| Source material |
Segment Open

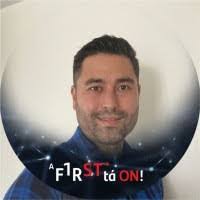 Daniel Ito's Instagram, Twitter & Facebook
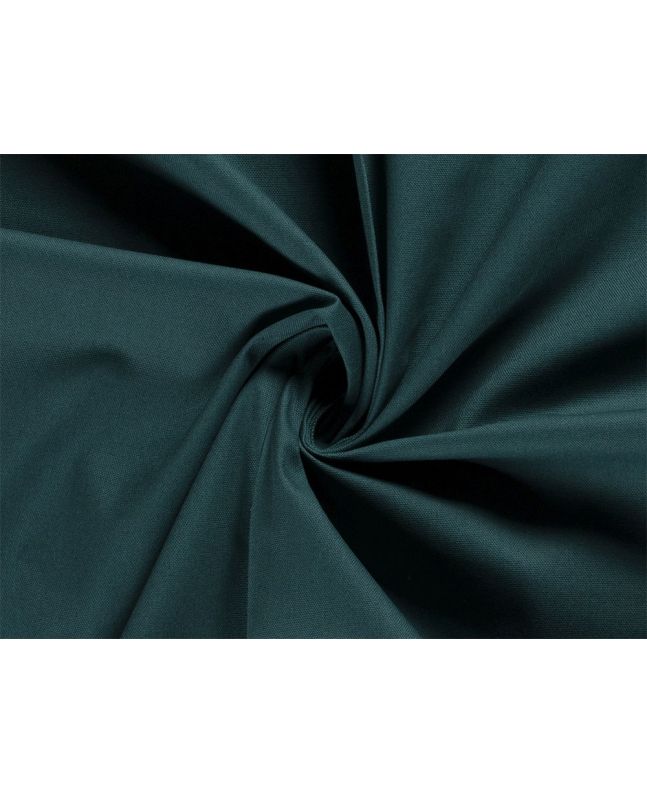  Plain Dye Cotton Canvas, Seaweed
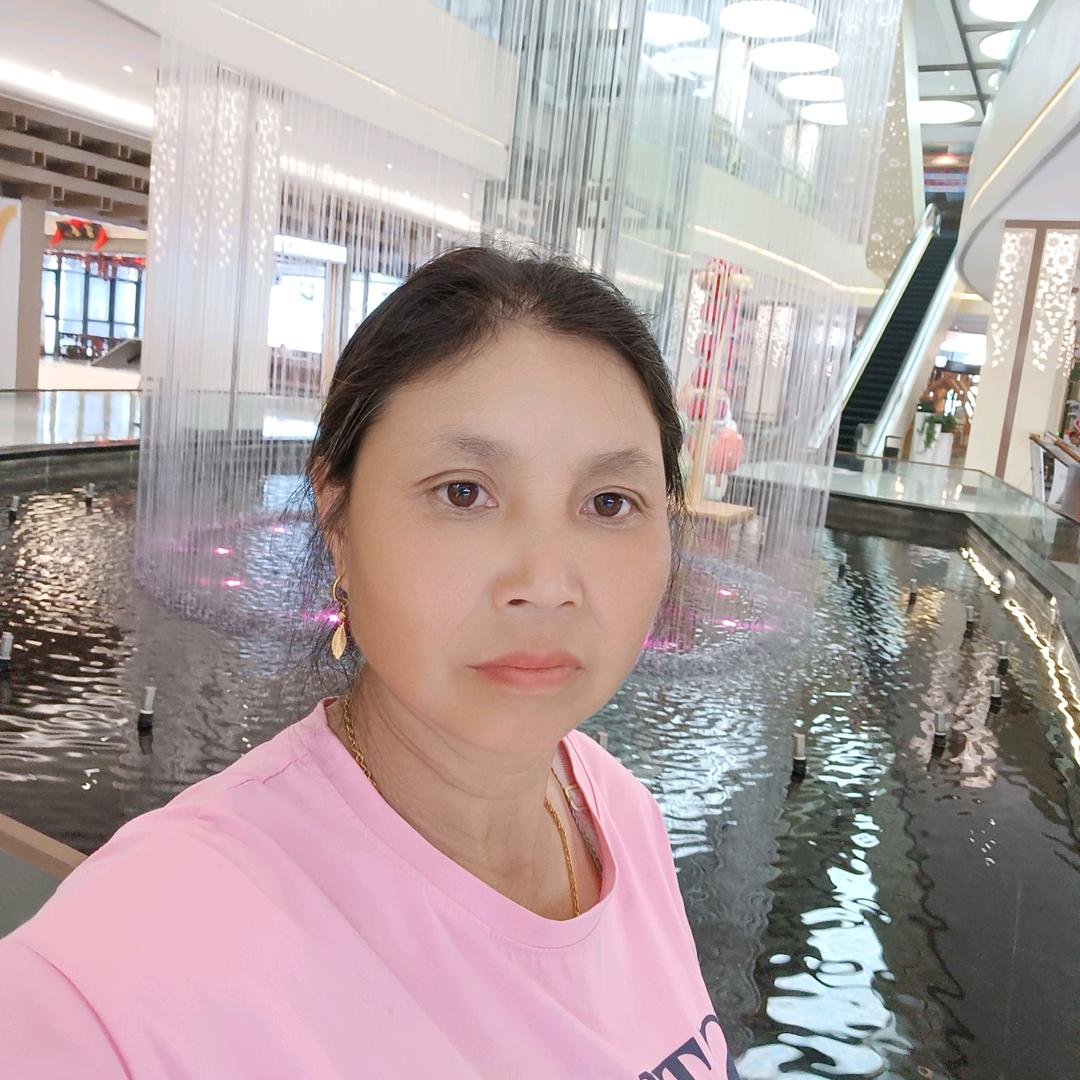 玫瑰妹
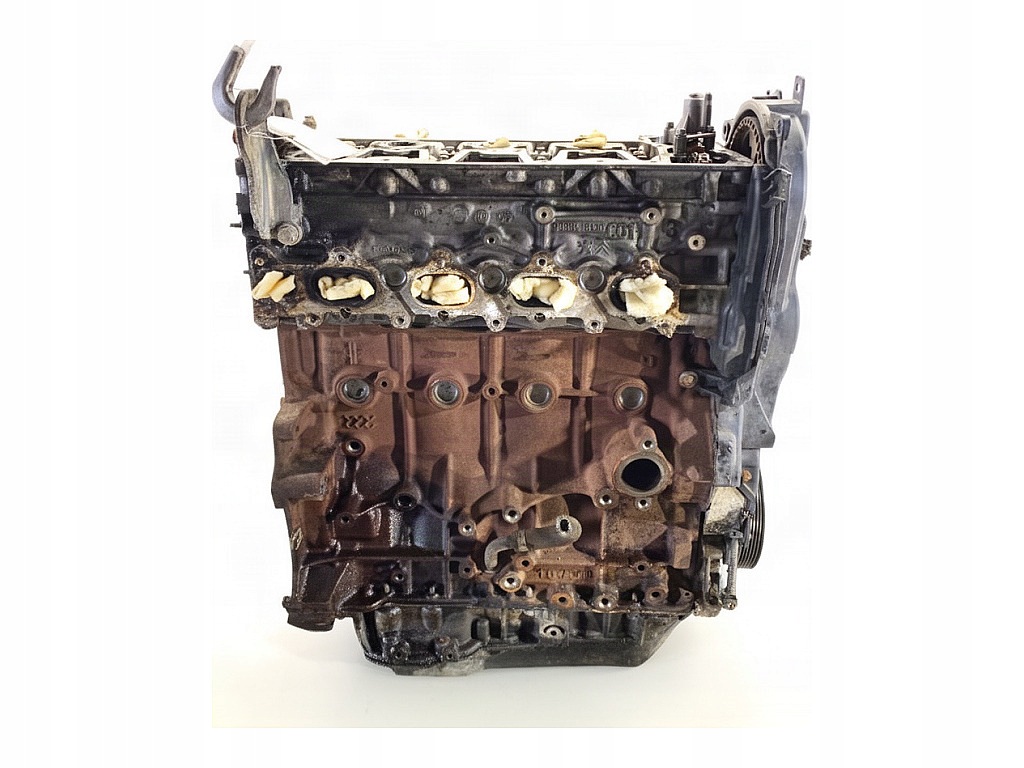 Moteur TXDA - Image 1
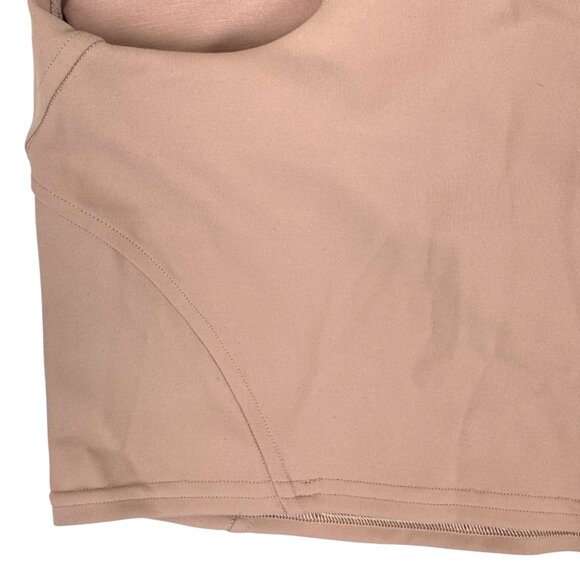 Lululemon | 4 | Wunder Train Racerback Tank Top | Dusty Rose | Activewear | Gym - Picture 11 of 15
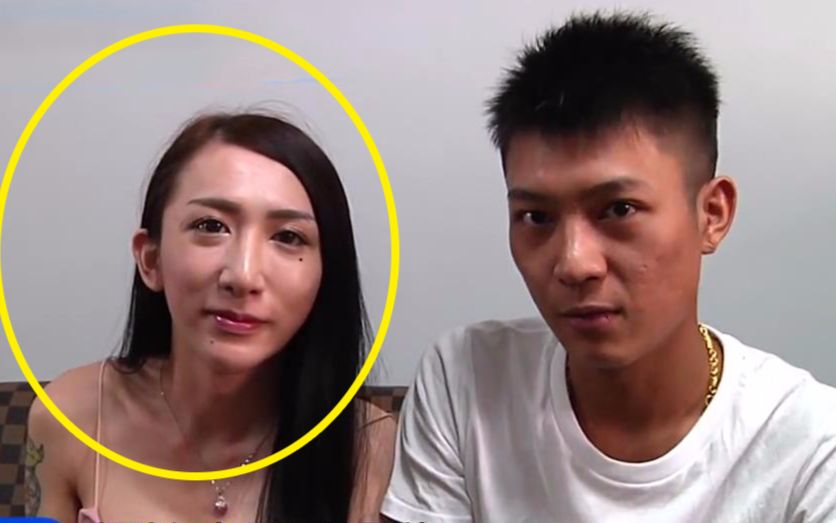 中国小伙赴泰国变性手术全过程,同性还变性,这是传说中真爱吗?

Segment Closed
Segment Open

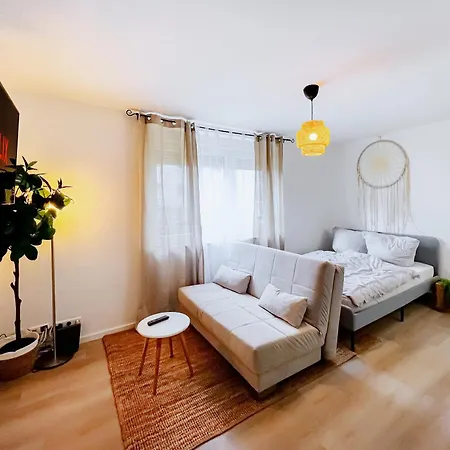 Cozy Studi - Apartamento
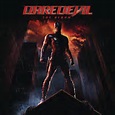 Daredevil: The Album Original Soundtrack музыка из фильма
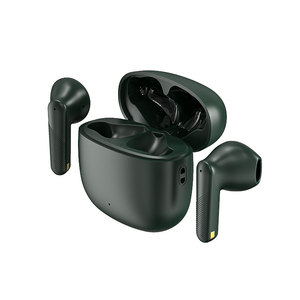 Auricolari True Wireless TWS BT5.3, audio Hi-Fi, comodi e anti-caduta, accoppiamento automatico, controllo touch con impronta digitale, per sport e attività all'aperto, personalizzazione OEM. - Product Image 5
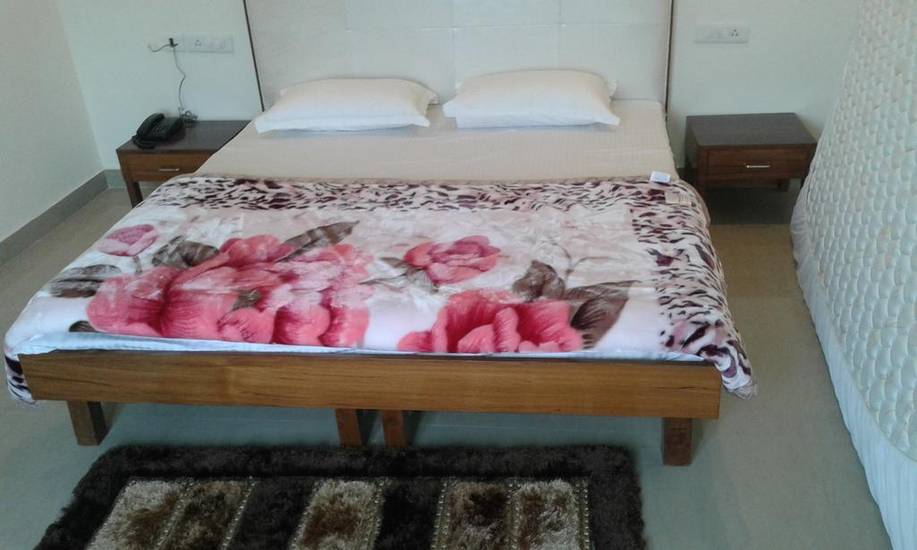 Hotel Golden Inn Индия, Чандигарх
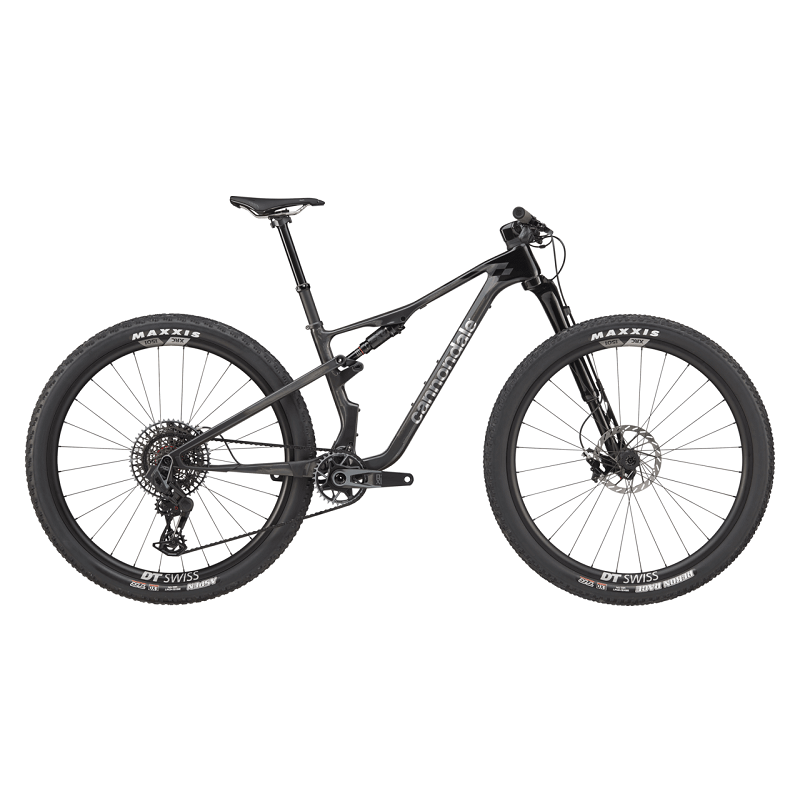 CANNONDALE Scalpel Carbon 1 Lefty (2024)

Segment Closed

| Aim of the task |
Each line above that falls between the line with "Moteur TXDA - Image 1" and the line with "中国小伙赴泰国变性手术全过程,同性还变性,这是传说中真爱吗?" should be printed exactly, together with those two lines, but the pictures should not.

| Task answer |
 Moteur TXDA - Image 1
 Lululemon | 4 | Wunder Train Racerback Tank Top | Dusty Rose | Activewear | Gym - Picture 11 of 15
 中国小伙赴泰国变性手术全过程,同性还变性,这是传说中真爱吗?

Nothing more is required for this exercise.